## SUPPLIED RECORDS:

Content starts

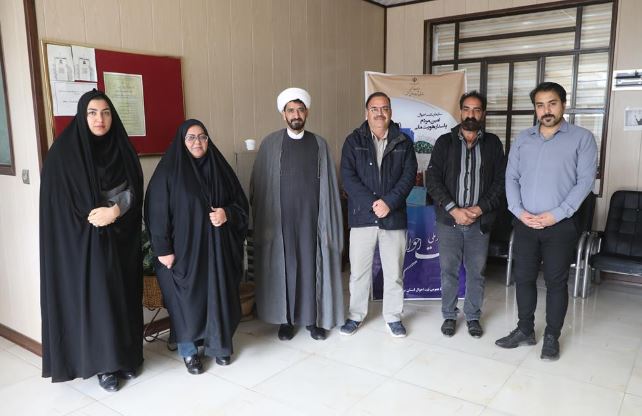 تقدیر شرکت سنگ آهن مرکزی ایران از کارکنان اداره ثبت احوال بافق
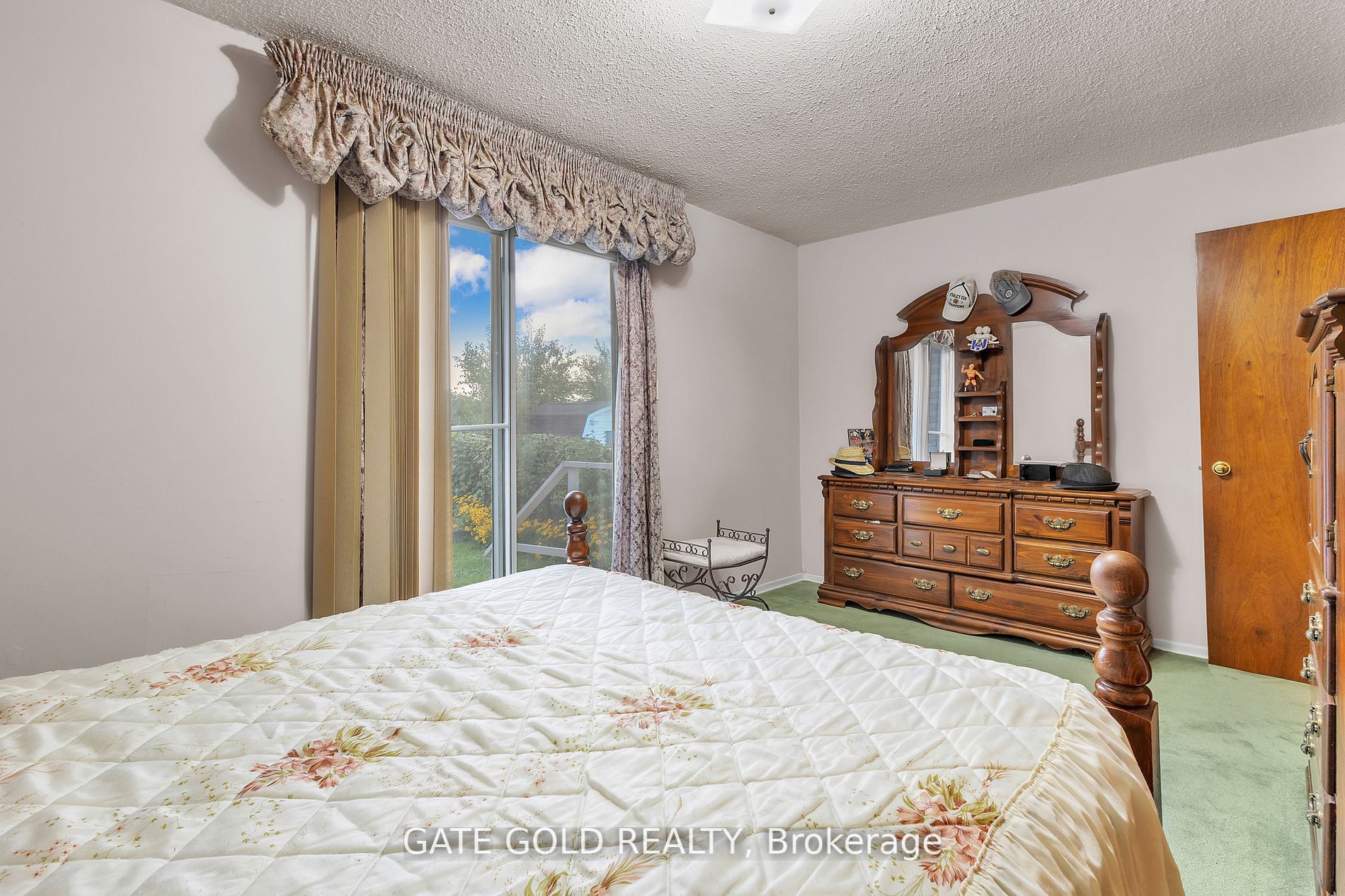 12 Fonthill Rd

Content ends
Content starts

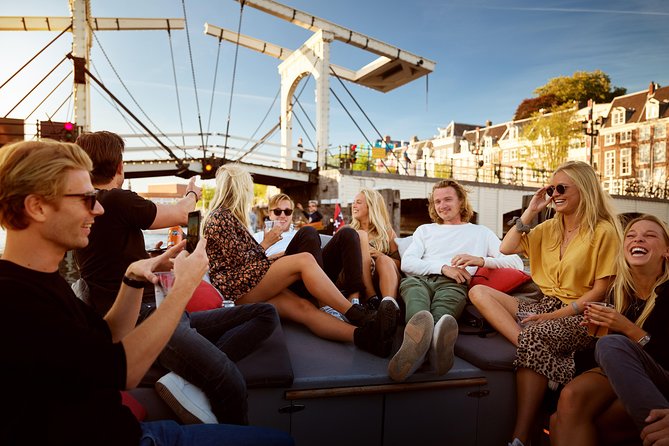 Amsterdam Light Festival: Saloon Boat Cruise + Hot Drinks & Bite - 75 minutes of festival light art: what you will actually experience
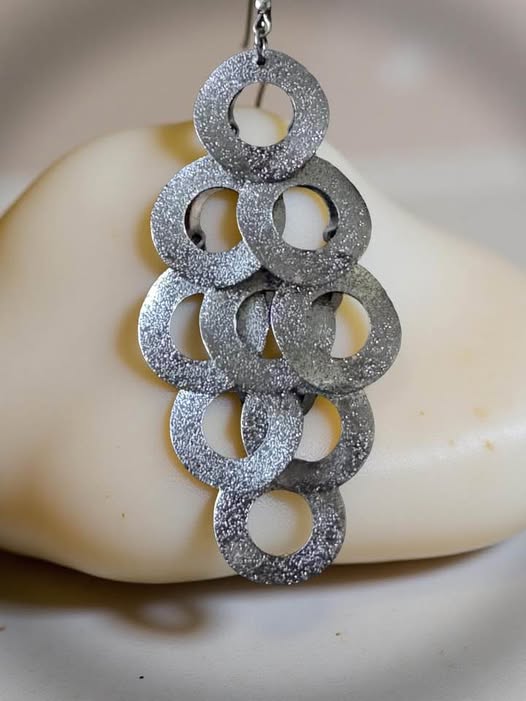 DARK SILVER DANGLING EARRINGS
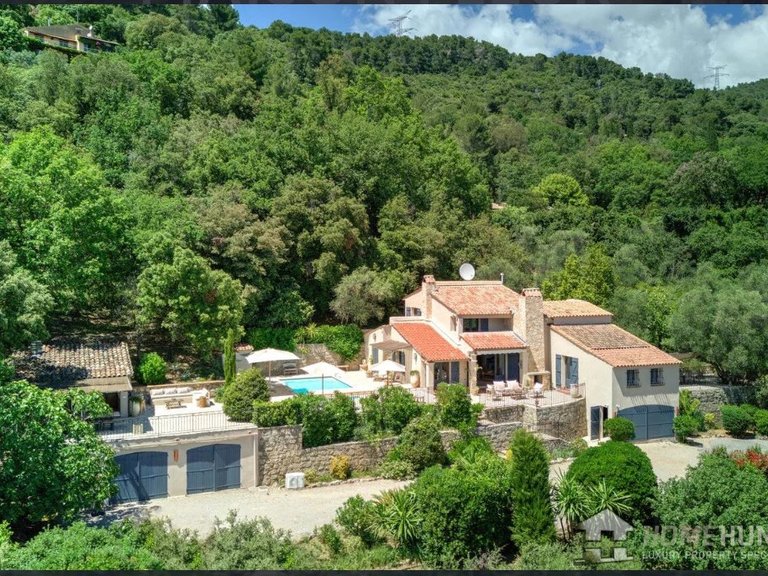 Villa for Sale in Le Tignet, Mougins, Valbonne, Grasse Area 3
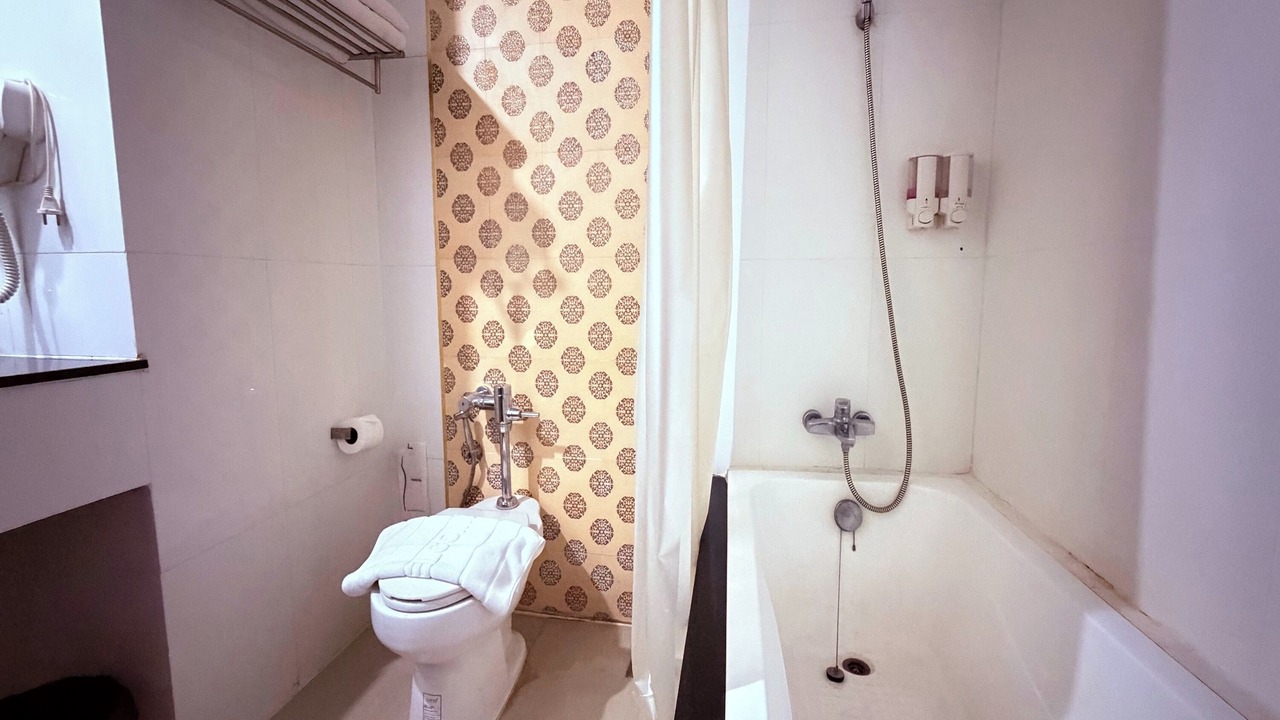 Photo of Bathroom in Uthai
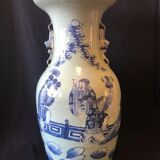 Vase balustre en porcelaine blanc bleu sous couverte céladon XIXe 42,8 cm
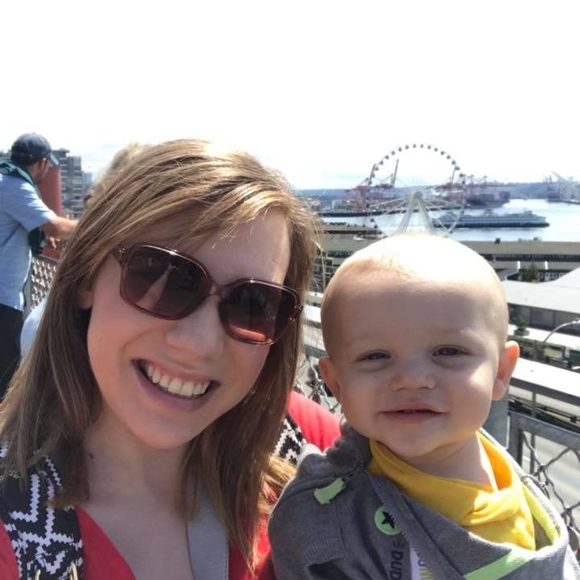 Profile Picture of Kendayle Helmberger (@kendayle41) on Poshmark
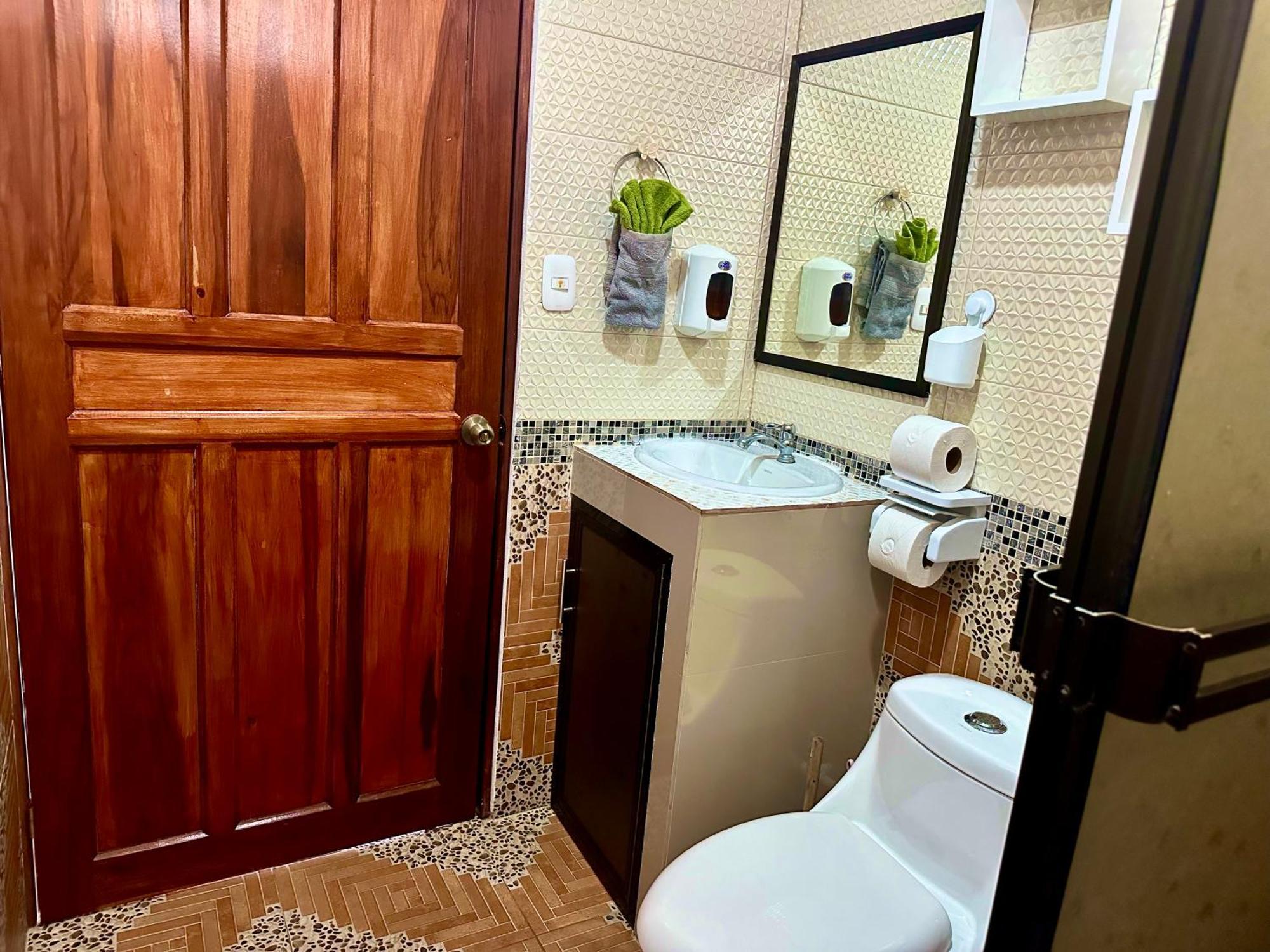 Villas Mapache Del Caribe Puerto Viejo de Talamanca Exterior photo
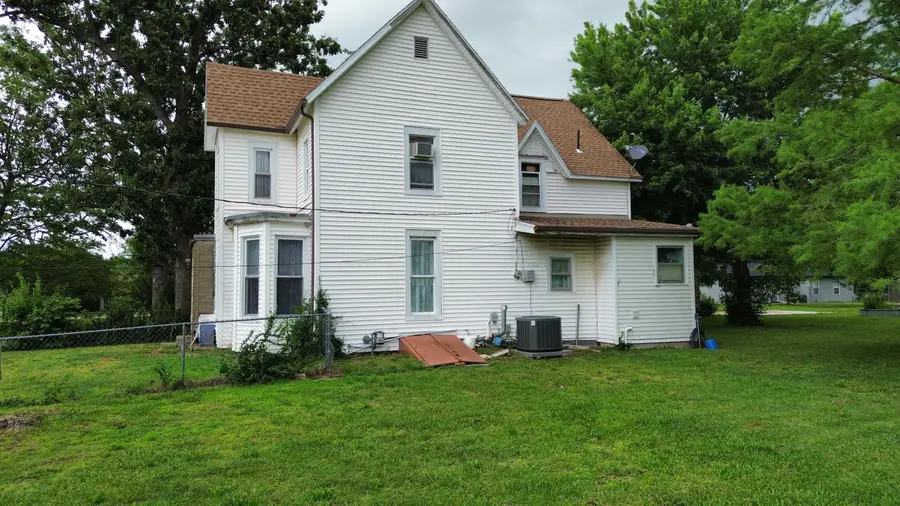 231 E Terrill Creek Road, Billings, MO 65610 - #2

Content ends

## EXERCISE DESCRIPTION:
Above are the records. Copy word for word only their lines from the one holding "Profile Picture of" through the one holding "231 E Terrill", both included, and skip the images.

## EXERCISE SOLUTION:
 Profile Picture of Kendayle Helmberger (@kendayle41) on Poshmark
 Villas Mapache Del Caribe Puerto Viejo de Talamanca Exterior photo
 231 E Terrill Creek Road, Billings, MO 65610 - #2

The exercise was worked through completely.